[THE PROBLEM]: Please restate each line of the data that follows word for word, skipping any image.

[GIVEN INFORMATION]:
· · · · · · ·
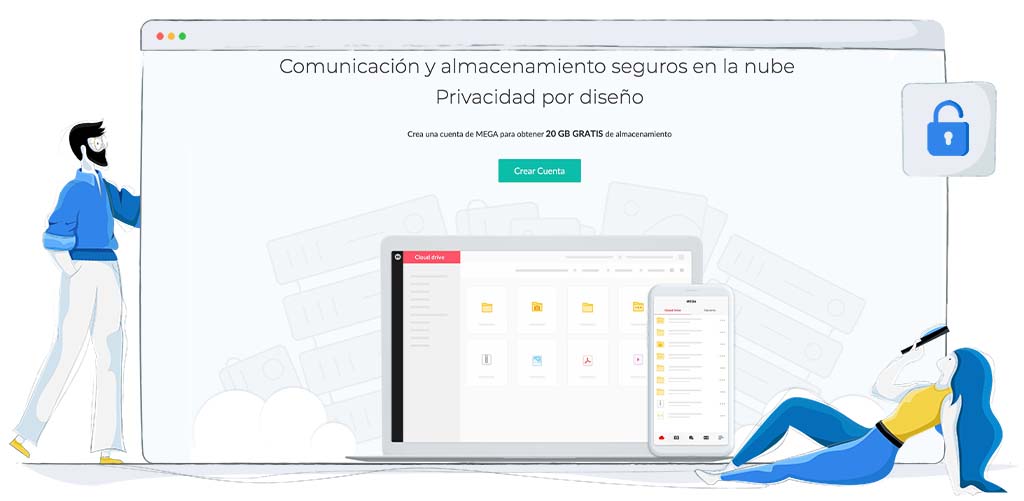 Descargar de Mega sin límites con una VPN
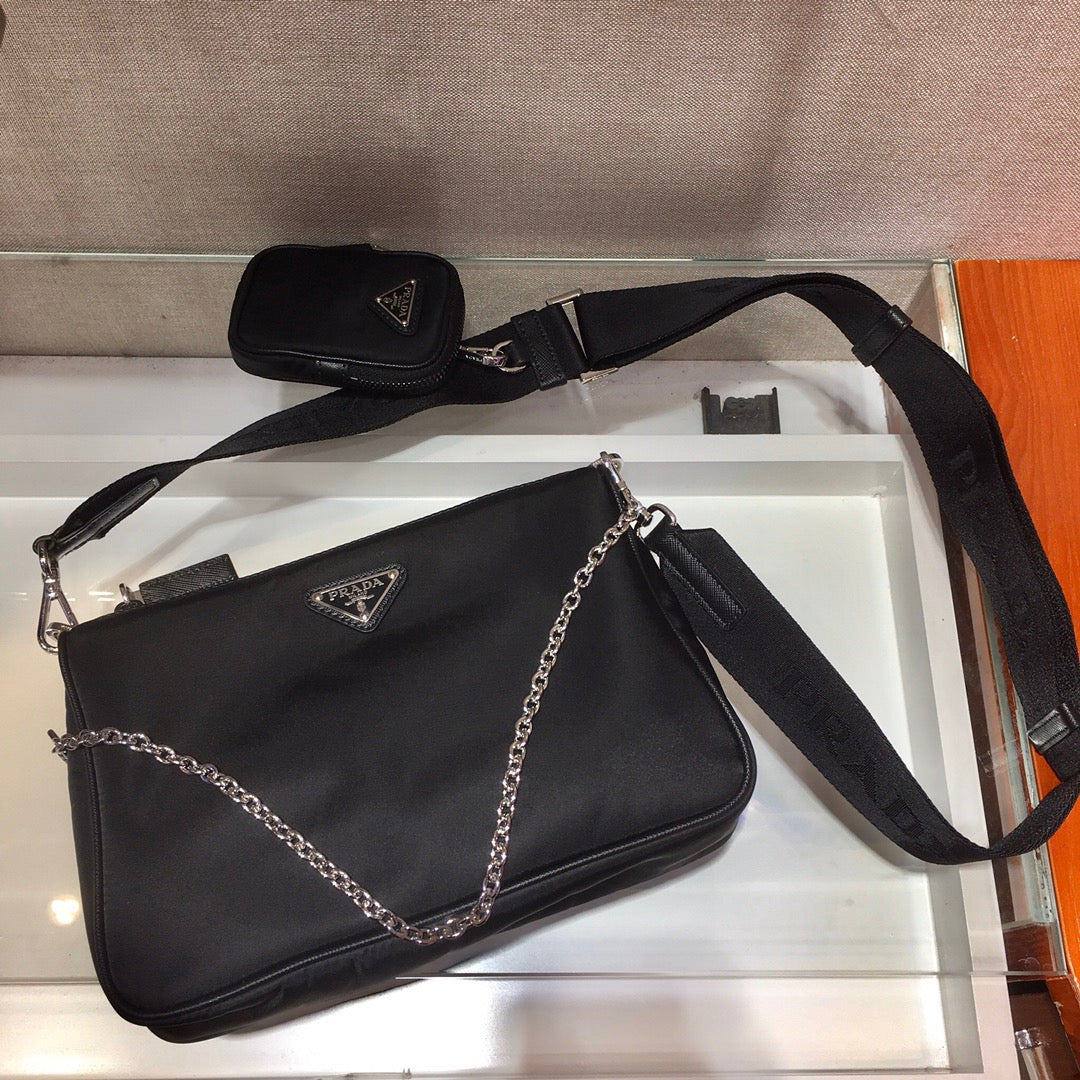 Prada Messenger Bag
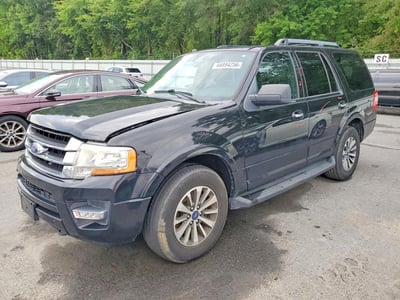 1FMJU1JT5HE****** 2017 Ford Expedition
· · · · · · ·
[SOLUTION FOR THIS EXERCISE]:
 Descargar de Mega sin límites con una VPN
 Prada Messenger Bag
 1FMJU1JT5HE****** 2017 Ford Expedition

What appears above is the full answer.